__WORK REQUIRED__: Would you please output, word for word, the span of the listing below that opens on the line containing "So to downgrade" and closes on the line containing "It is $6. That's"? Include both ends and nothing more.

__EXTRACTED MATERIAL__:
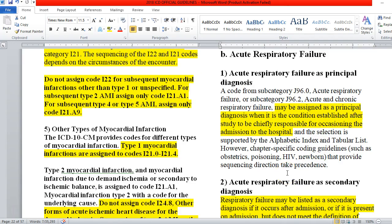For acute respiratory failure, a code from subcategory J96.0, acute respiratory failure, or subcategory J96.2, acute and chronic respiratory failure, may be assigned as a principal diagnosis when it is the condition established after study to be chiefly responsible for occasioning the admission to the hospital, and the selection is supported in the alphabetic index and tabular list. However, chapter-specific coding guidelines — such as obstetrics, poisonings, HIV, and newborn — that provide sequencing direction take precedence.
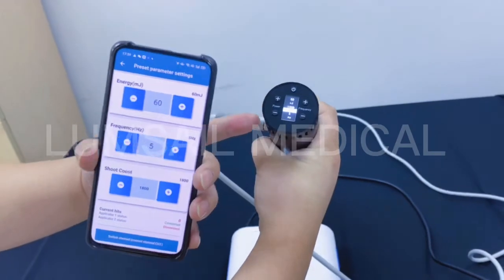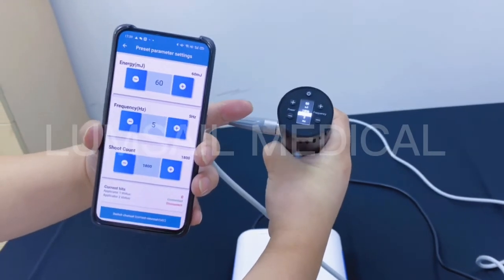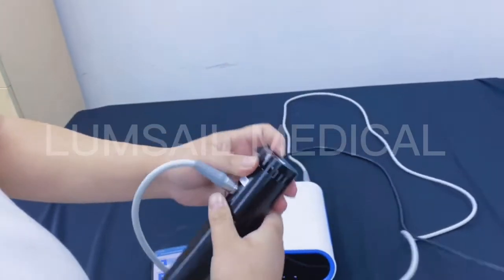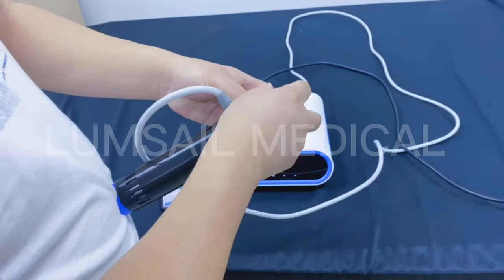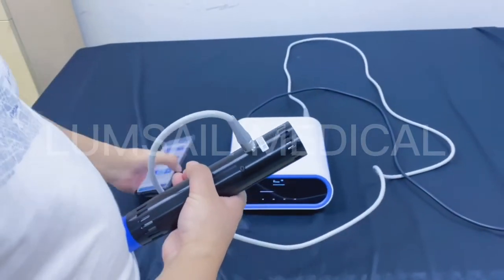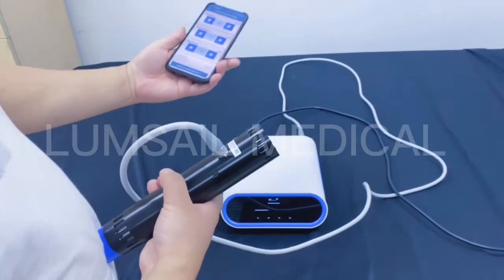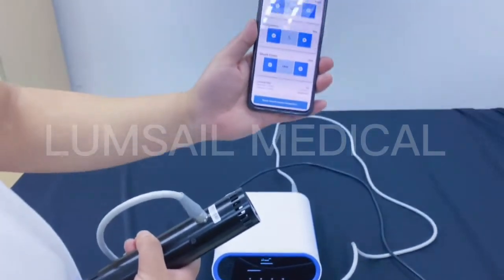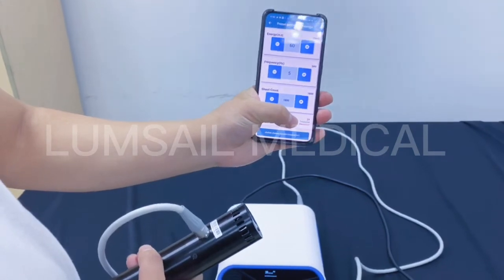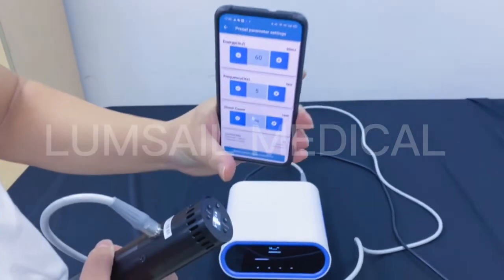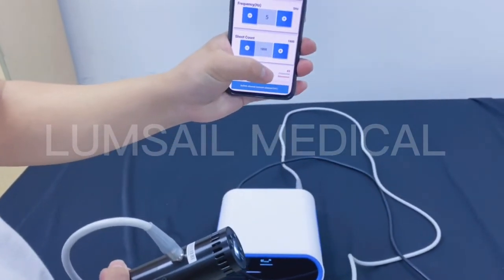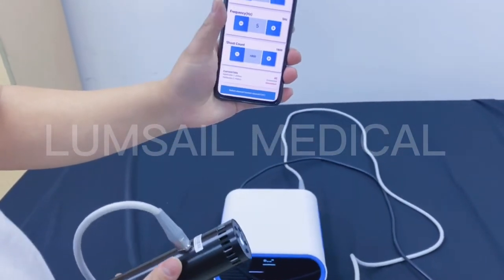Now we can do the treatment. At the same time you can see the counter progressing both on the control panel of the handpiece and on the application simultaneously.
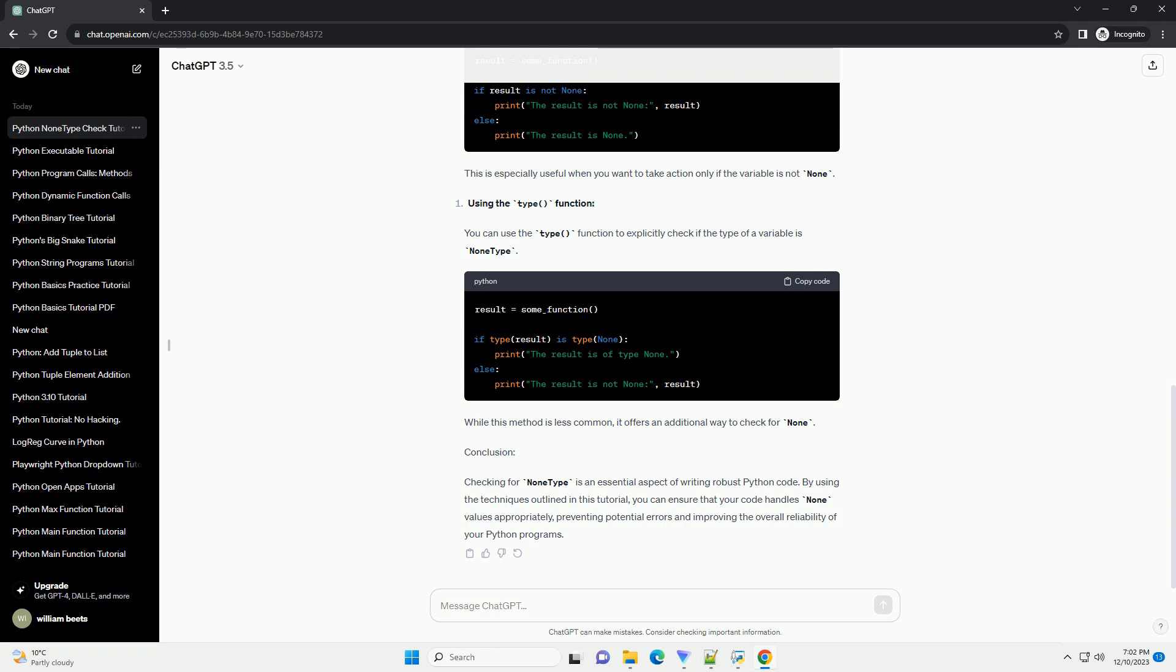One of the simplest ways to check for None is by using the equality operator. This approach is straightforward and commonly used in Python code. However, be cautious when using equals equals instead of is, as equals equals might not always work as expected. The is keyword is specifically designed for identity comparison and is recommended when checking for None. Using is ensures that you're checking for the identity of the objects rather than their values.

--

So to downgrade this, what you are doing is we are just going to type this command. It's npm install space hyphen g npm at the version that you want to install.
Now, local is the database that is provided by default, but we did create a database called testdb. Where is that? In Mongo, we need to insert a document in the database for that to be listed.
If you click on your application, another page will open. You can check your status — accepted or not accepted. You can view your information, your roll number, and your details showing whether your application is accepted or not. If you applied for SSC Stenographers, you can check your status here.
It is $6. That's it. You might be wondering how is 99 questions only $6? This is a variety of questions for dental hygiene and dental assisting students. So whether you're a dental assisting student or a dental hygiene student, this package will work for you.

__EXERCISE ANSWER__:
So to downgrade this, what you are doing is we are just going to type this command. It's npm install space hyphen g npm at the version that you want to install.
Now, local is the database that is provided by default, but we did create a database called testdb. Where is that? In Mongo, we need to insert a document in the database for that to be listed.
If you click on your application, another page will open. You can check your status — accepted or not accepted. You can view your information, your roll number, and your details showing whether your application is accepted or not. If you applied for SSC Stenographers, you can check your status here.
It is $6. That's it. You might be wondering how is 99 questions only $6? This is a variety of questions for dental hygiene and dental assisting students. So whether you're a dental assisting student or a dental hygiene student, this package will work for you.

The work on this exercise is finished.